Optimizing LZ Match Size
August 10, 2025 -This is a short post about a recent optimization I made in the process of adding
new fast compression levels to the fdeflate crate. As a bit of background,
fdeflate fast zlib compression and compression as a component of the png
crate.
Background
LZ compression works by finding matches in the input data and replacing them with references to previous occurrences. This article provides a good overview of how modern LZ compression works.
One detail of lossless compression algorithms that is often overlooked is that fast compressors rely on a whole range of ad-hoc heuristics. There's no such thing as "zlib level 3" beyond just the collection of heuristics that the zlib library decided to bundle up and call "level 3".
There actually are nearly optimal algorithms for LZ: you can get very good compression ratios by combining of dynamic programming for the parsing step (called "optimal parsing") with fancy datastructures like suffix-arrays for finding all the matches in O(n) time. The only catch is that each pass over the input data runs at about 10 MB/s, and if your compression format uses entropy coding, you'll need to run multiple passes over the input data to reach a fixed point. Most compression tools only use these algorithms at the highest compression levels, if at all.
LZ Match Depth
A very common heuristic for match finding is to limit the search depth. For
instance, the miniz_oxide crate only checks the first 1, 6, and 36 possible
matches at the lowest three compression levels, respectively. But this isn't the
only heuristic that can be applied to improving the match finding process.
Match Size
Any given LZ compression algorithm will have some minimum match size that it can represent. In LZ4, the minimum match size is, perhaps unsurprisingly, 4 bytes. And in zlib the minimum is 3 bytes. However, just because a match is representable doesn't mean that it is worth using. Thanks to entropy coding, it may be cheaper to represent three bytes of input data as literals, rather than a single short match. This is particurly relevant to PNGs which have a very skewed distribution of input data values after filtering.
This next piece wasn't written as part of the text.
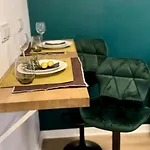 Apartment Goldizone - 10 Min West Station & Expo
One of the clever changes that zlib-ng made compared to the original zlib
library is that it only searches for matches of 4+ bytes. It uses this strategy
regardless of the compression level. The zstd library goes further: the
minimum match length actually depends on both the compression level and the
expected input data size. This makes a lot of sense for zstd because the
format has a very large window size where finding a 6 or 7 byte match from many
megabytes back could be useful, but a 3 or 4 byte match might be worse than
using literals.
When I initially saw this, I thought zstd's approach was unsuitable for anything but the fastest compression levels when doing deflate compression. At level 1 or 2 maybe it is OK to miss tons of matches because you'll waste way less time looking at them. But for anything higher, the idea of intentionally ignoring all 4 or 5 bytes matches seemed like it was going too far.
But I realized that this is the wrong way to look at it. The maximum search depth heuristic already means that anything but the highest compression levels will miss potentially hundreds of matches, and there's no upper bound on how much compression ratio that gives up. Only putting longer matches into the lookup structure also means we'll miss some matches. But that's made up for because the matches we do find will be the "good" ones that save more bytes.
Implementation
The actual implemention of this idea is quite simple. When inserting into the
hash table, fdeflate loads 8 bytes from the input, then masks out everything
past the minimum match length, then hashes it and stores the index.
When looking up matches, the code is unaffected. It already XOR'd the 8-bytes of
the current location with the 8-bytes of the match candidate and used
.trailing_zeros() / 8 to count the number of matching bytes. So no changes
were required other than updating the minimum length check to be variable rather
than hardcoded to 4 bytes.